Hyundai & LG Chem Argue Over Kona EV Battery Fires
The Hyundai Kona Electric has also been hit by reports of battery fires. It has sold more than 77,000 Kona Electrics worldwide and has announced it is recalling 25,564 cars in South Korea. It has also notified NHTSA that it may recall 11,137 cars sold in the US. 37,366 cars in Europe may also be affected.
The fires have put stress on the relationship between Hyundai and LG Chem, the company that manufactures the battery cells for the Kona Electric. According to Autoblog, the South Korean transport ministry said last week that Hyundai will voluntarily recall its Kona EVs as the result of a possible short circuit due to what may be a manufacturing fault in its high-voltage battery cells, a charge that LG Chem vigorously denies. It says joint tests by its engineers and engineers from Hyundai show there is no defect in its cells. LG Chem is also the supplier of battery cells for the Chevy Bolt and is heavily involved in GM’s Utium battery project.

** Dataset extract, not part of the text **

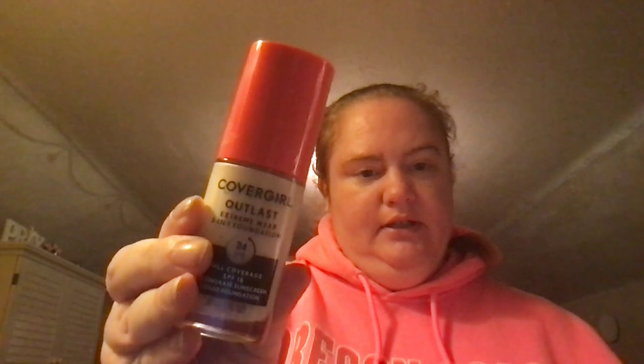I was using the CoverGirl Outlast Extreme Wear, but it wasn't going good on my skin. It was like peeling in the nose area and it was just going on like it looked like I had alligator skin. So I'm going to go back to my Revlon ColorStay — it's like all worn off, but it's ColorStay for normal/dry skin. I go back and forth on what kind of foundation I get. Sometimes I use the one for combination skin, like in the summertime. But my skin is combination, and right now it just needs one for dry skin, I think.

The cars recalled in South Korea will undergo software updates and battery replacements of select models after inspections are completed. KB Investment & Securities said in a report this week it could cost Hyundai as much as $522.10 million if it has to replace all potentially affected Kona Electric vehicles worldwide.
The Take Away
Battery fires are not good for the EV revolution, not good at all. Lately we have heard news about next-generation lithium-iron-phosphate batteries that have nearly the same energy density as conventional lithium-ion batteries but have a much lower risk of thermal runaway events that can result in fires. Tesla is now using them in its Model 3 sedans manufactured in Shanghai and has lowered the starting price of the Model 3 as well. It may turn out that LFP batteries are better suited to use in automobiles where tight spaces require expensive battery cooling systems. Is Tesla’s transition to LFP batteries a harbinger of things to come in the electric car industry? “We’ll see,” said the Zen master.